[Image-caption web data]
===
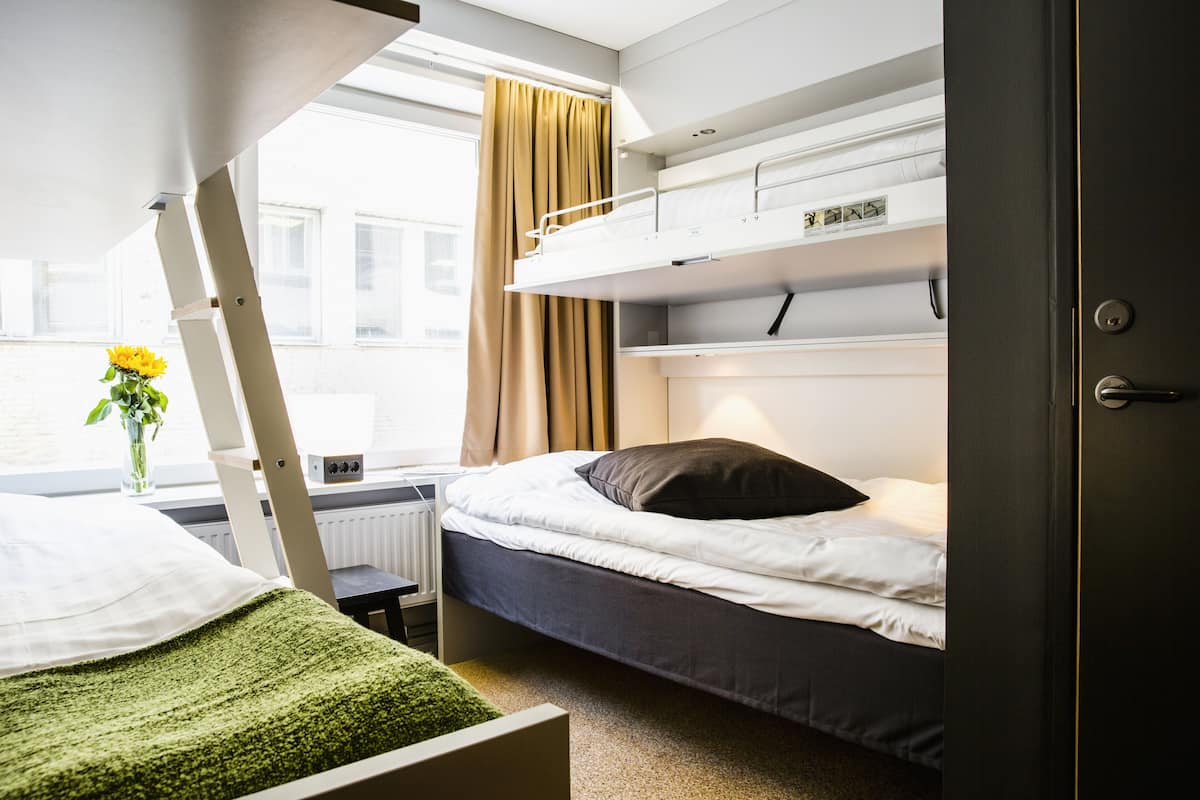 Een slaapzaal met stapelbedden, een raam met gordijnen, een radiator en een kleine tafel met een bloemenvaas.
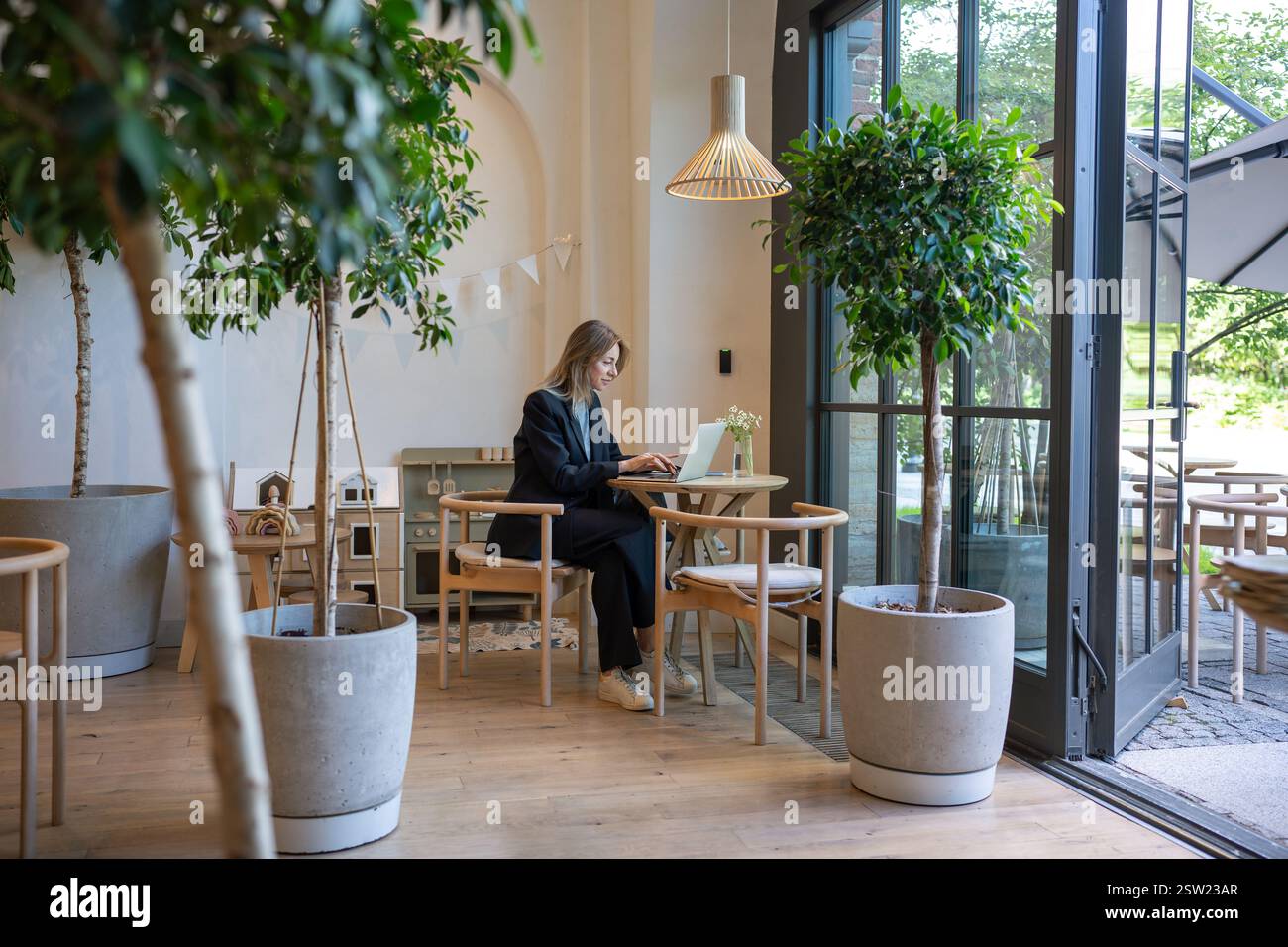 Femme d'affaires concentrée se concentrant sur le travail en utilisant l'ordinateur portable assis dans le café Banque D'Images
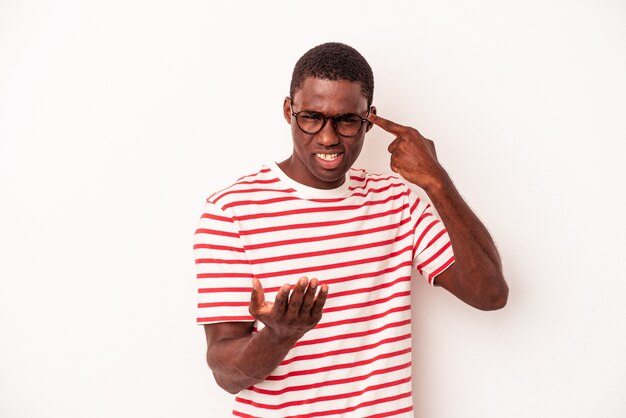 Young African American man isolated on white background holding and showing a product on hand.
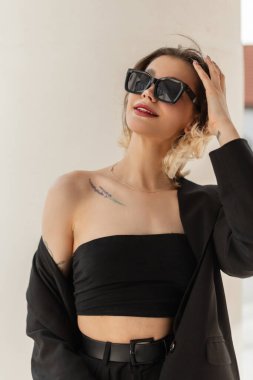 Fashionable happy young vogue beauty lady with smile with fashion sunglasses in trendy black business look outfit with top, blazer and pants walks in the city in sunny day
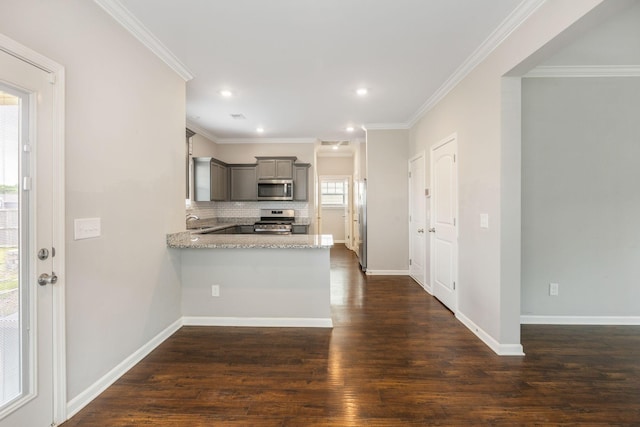 kitchen featuring stainless steel appliances, gray cabinetry, decorative backsplash, dark wood finished floors, and a peninsula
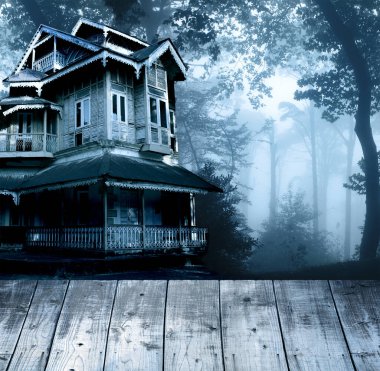 Cadılar Bayramı pankartı, perili ev ve boş tahta masa üstü. Ahşap teras döşemesi ve gece ormanında terk edilmiş bir ev. Gizemli ormanlık alandaki korkunç koloni kulübesi. Fotoğraf mavi tonda.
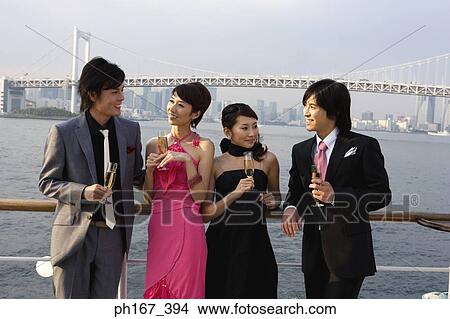 Two couples enjoying the view onboard a cruise ship View Large Photo Image Picture - Two couples enjoying the view onboard a cruise ship. Fotosearch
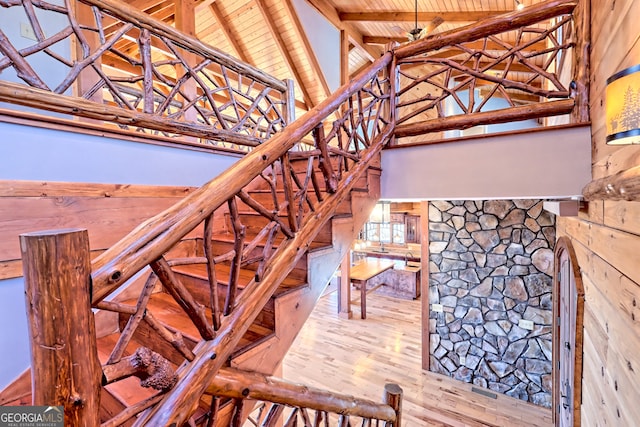 stairs with wood walls, hardwood / wood-style floors, wood ceiling, and beam ceiling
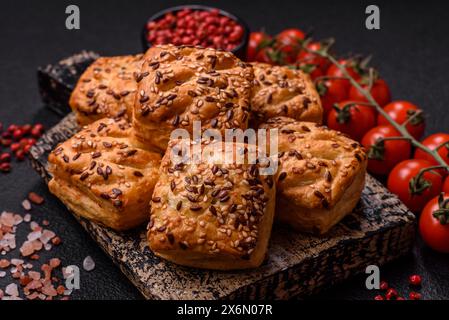 Triangular puffs with feta cheese, tomatoes with salt, spices and herbs on a dark concrete background Stock Photo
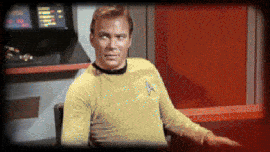 An animated gif from "Star Trek" showing Captain Kirk in a yellow uniform, seated on the bridge, making expressive gestures while speaking, with colorful control panels in the background.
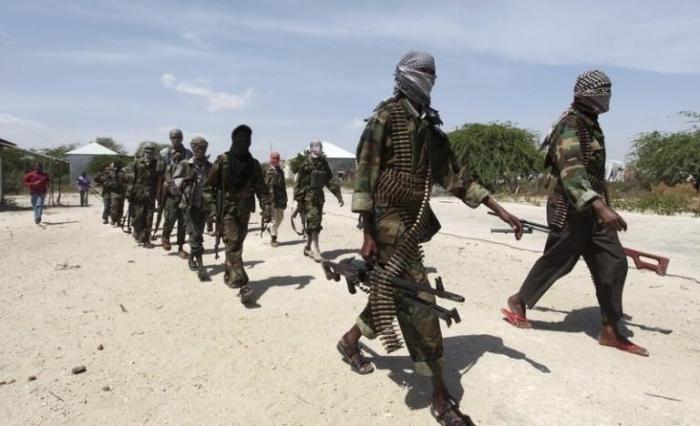 Al Shabaab soldiers patrol in formation along the streets of Dayniile district in Southern Mogadishu, March 5, 2012.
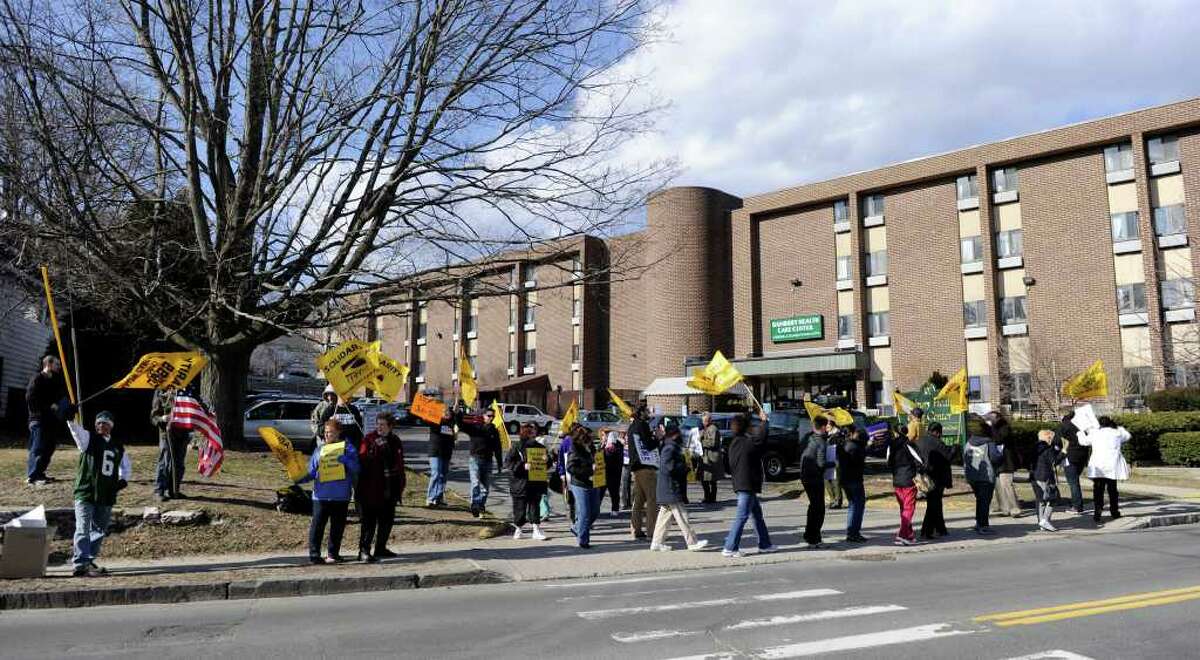 Nursing home workers at Danbury Health Care Center on Osborne Street picketed the facility Friday, March 9, 2012.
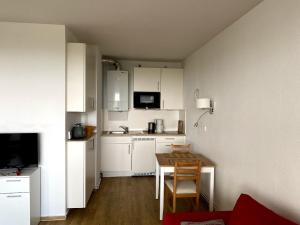 een kleine keuken met witte kasten en een kleine tafel bij Haus Atlantic Whg. 402 in Cuxhaven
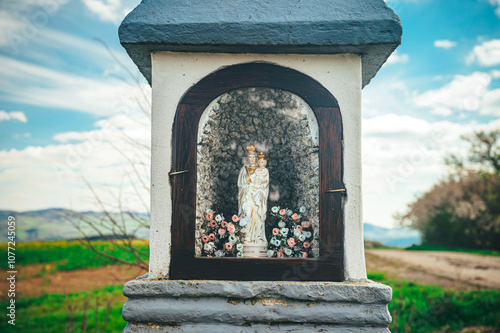 Statue of St. Mary Behind Glass in a Christian Chapel, A Sacred Space for Prayer and Rest photo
===
Write out each entry word for word, images excluded.

# [ANSWER TO THIS TASK]
 Een slaapzaal met stapelbedden, een raam met gordijnen, een radiator en een kleine tafel met een bloemenvaas.
 Femme d'affaires concentrée se concentrant sur le travail en utilisant l'ordinateur portable assis dans le café Banque D'Images
 Young African American man isolated on white background holding and showing a product on hand.
 Fashionable happy young vogue beauty lady with smile with fashion sunglasses in trendy black business look outfit with top, blazer and pants walks in the city in sunny day
 kitchen featuring stainless steel appliances, gray cabinetry, decorative backsplash, dark wood finished floors, and a peninsula
 Cadılar Bayramı pankartı, perili ev ve boş tahta masa üstü. Ahşap teras döşemesi ve gece ormanında terk edilmiş bir ev. Gizemli ormanlık alandaki korkunç koloni kulübesi. Fotoğraf mavi tonda.
 Two couples enjoying the view onboard a cruise ship View Large Photo Image Picture - Two couples enjoying the view onboard a cruise ship. Fotosearch
 stairs with wood walls, hardwood / wood-style floors, wood ceiling, and beam ceiling
 Triangular puffs with feta cheese, tomatoes with salt, spices and herbs on a dark concrete background Stock Photo
 An animated gif from "Star Trek" showing Captain Kirk in a yellow uniform, seated on the bridge, making expressive gestures while speaking, with colorful control panels in the background.
 Al Shabaab soldiers patrol in formation along the streets of Dayniile district in Southern Mogadishu, March 5, 2012.
 Nursing home workers at Danbury Health Care Center on Osborne Street picketed the facility Friday, March 9, 2012.
 een kleine keuken met witte kasten en een kleine tafel bij Haus Atlantic Whg. 402 in Cuxhaven
 Statue of St. Mary Behind Glass in a Christian Chapel, A Sacred Space for Prayer and Rest photo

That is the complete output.